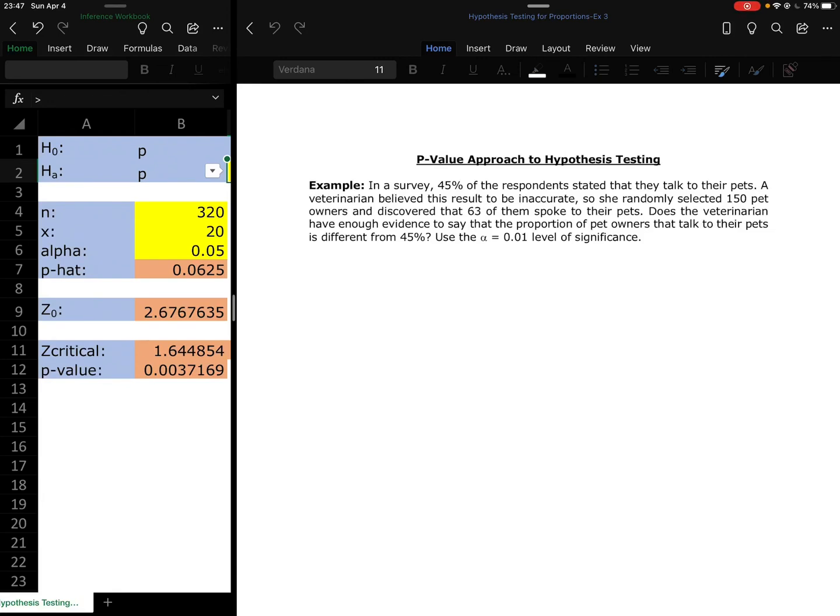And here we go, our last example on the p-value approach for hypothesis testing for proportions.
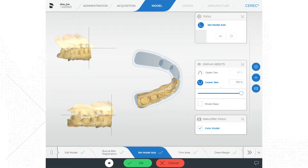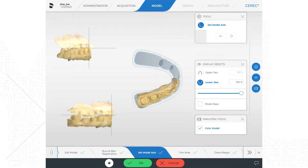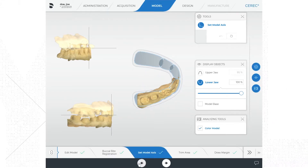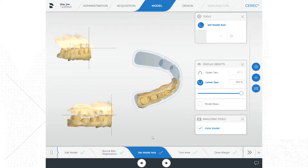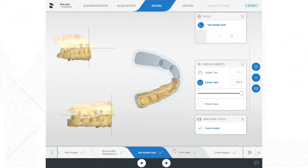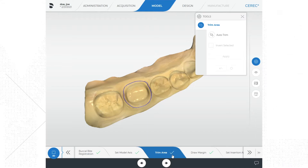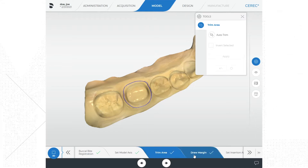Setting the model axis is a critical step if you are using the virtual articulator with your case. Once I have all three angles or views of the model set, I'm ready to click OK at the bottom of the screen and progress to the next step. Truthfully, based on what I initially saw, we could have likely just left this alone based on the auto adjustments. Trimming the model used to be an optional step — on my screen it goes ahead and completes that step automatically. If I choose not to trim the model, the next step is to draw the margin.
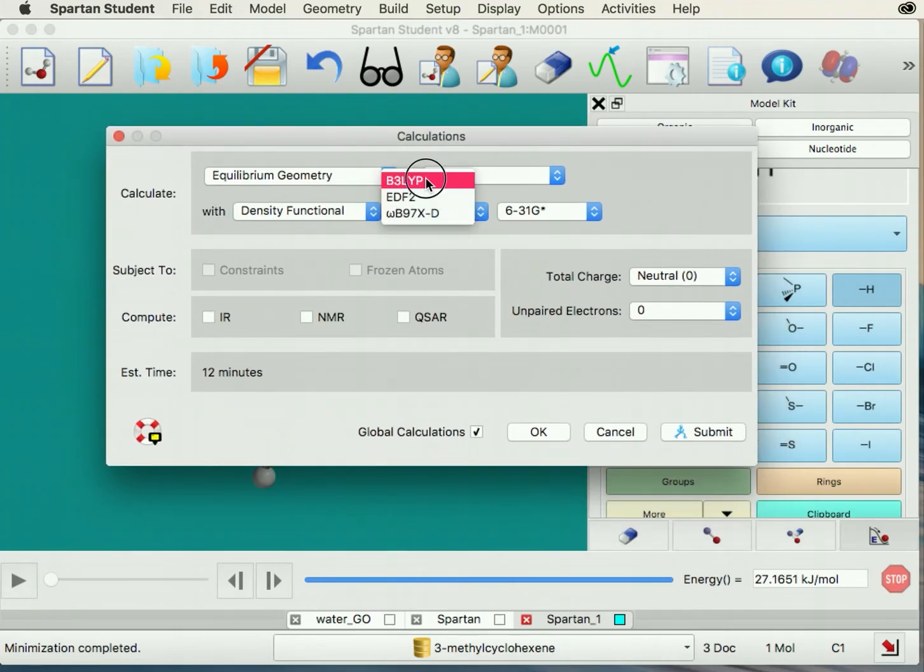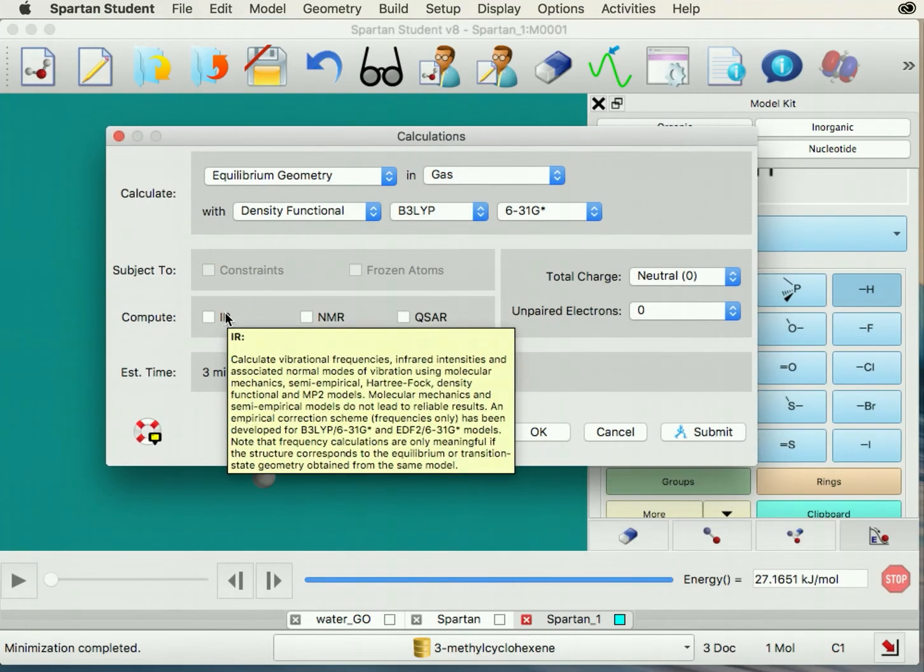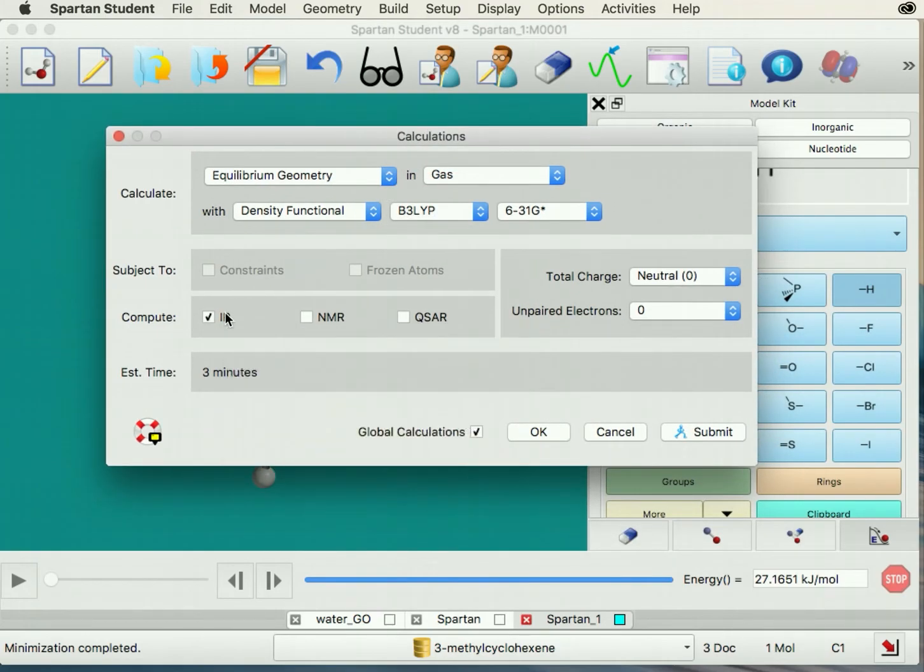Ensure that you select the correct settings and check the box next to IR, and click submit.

------------

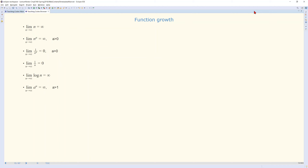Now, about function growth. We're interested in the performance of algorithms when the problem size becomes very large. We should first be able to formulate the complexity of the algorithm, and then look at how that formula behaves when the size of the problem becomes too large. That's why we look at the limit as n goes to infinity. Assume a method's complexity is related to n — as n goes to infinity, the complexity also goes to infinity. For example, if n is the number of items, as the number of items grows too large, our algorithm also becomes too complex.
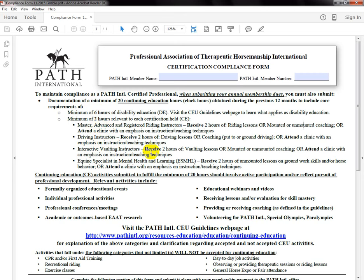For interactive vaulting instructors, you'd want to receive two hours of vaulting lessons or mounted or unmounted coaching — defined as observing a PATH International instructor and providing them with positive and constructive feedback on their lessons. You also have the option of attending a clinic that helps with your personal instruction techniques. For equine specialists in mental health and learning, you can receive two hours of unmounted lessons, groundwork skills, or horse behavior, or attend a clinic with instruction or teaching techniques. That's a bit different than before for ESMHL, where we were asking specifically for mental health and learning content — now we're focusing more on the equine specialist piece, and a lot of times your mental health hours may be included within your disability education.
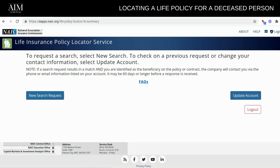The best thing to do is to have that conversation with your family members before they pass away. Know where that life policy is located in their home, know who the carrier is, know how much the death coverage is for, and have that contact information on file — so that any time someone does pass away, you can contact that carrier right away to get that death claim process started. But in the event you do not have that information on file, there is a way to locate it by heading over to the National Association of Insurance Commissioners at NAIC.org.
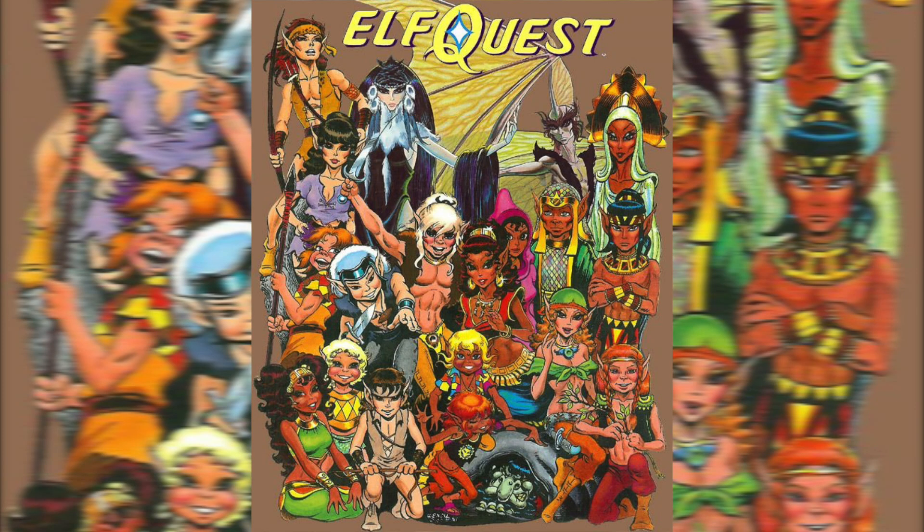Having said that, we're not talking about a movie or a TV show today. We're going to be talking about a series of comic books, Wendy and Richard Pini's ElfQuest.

------------

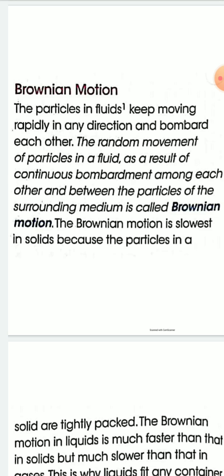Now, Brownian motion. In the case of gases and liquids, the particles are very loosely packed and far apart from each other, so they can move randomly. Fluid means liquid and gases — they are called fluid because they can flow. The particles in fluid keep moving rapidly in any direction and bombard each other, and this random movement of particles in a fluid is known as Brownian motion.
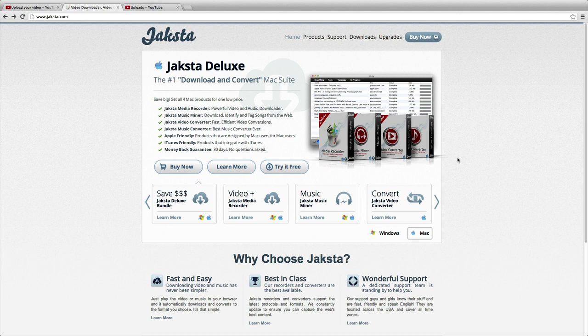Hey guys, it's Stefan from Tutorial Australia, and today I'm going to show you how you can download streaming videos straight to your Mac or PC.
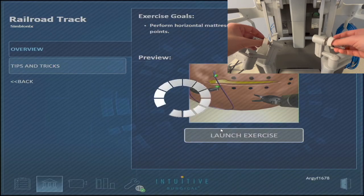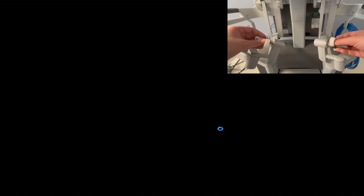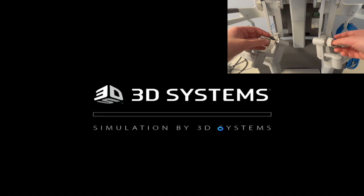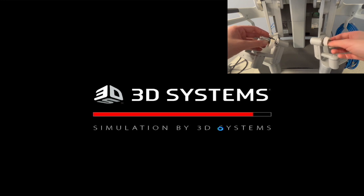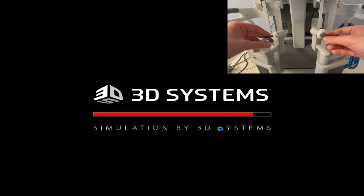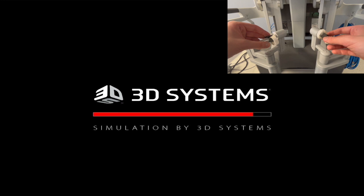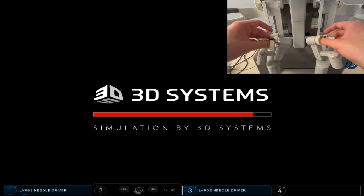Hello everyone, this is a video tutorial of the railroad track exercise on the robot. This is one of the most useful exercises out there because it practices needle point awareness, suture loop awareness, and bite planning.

------------

*Task item:* Copy exactly the material above from the line with "Hey guys, it's" to the line with "Hello everyone, this", ends included, and nothing else. Leave out any picture.

*Output for this exercise:*
Hey guys, it's Stefan from Tutorial Australia, and today I'm going to show you how you can download streaming videos straight to your Mac or PC.
Hello everyone, this is a video tutorial of the railroad track exercise on the robot. This is one of the most useful exercises out there because it practices needle point awareness, suture loop awareness, and bite planning.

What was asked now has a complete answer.